Google needs to be sued for playing monopoly

A new study suggests that Google is playing monopoly, stifling competition in many industries, and has an adverse impact on the economy and the job market.

The report penned by Scott Cleland, President of Precursor, a tech communications research and consulting firm, calls for the search engine outfit to be dragged before some judges before it is too late.

Cleland’s report, which has the catchy title “Googleopoly VI Seeing the Big Picture: How Google is Monopolizing Consumer Internet Media & Threatening a Price Deflationary Spiral & Job Losses in a $Trillion Sector”, says  that Google is responsible for a lot of economic woes.

He said that there was no net-economic growth or job creation from Google’s “free” internet sector model.

All it creates is a deflationary price spiral, negative growth, property devaluation, and hundreds of thousands of job losses in over 20 industries.

Cleland claims that consumers don’t win long term from a monopoly-gatekeeper of “free” information access and distribution.

He blames lax antitrust merger enforcement for the reason that Google is being tipped into a monopoly.

If antitrust authorities don’t do something then a trillion dollar sector with millions of jobs will suffer the same fate as the music and newspaper industries.

He is worried that when Google rebrands its current YouTube-Double-Click video advertising business as “Google TV“, it already will own an internet video-streaming monopoly with 80 percent of the Internet audience, almost a billion viewers, 2 billion daily monetised views, and 45 billion ads served daily.
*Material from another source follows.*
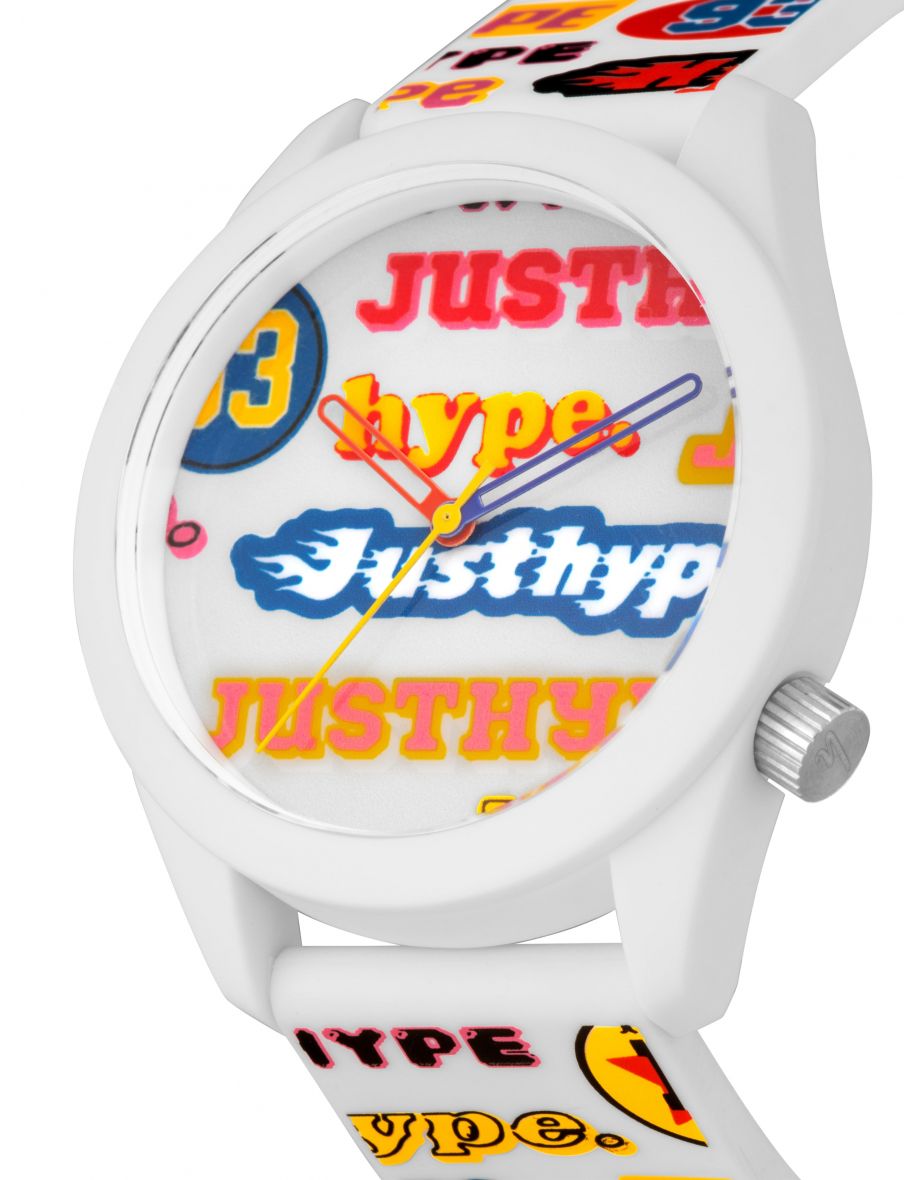 Kids hype online watch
Cleland said that Google was a vastly more serious antitrust threat to consumers and the economy than Microsoft ever was, because the DOJ blocked Microsoft from extending its monopoly vertically into the broader economy.

However antitrust authorities have unwittingly aided and abetted Google’s vertical monopolisation of vast parts of the broader economy, he said.

The report says that the DOJ has to deal with the rise of Google differently than the rise of Microsoft. Cleland said that Google’s access to the data on the internet poses a variety of security and privacy concerns.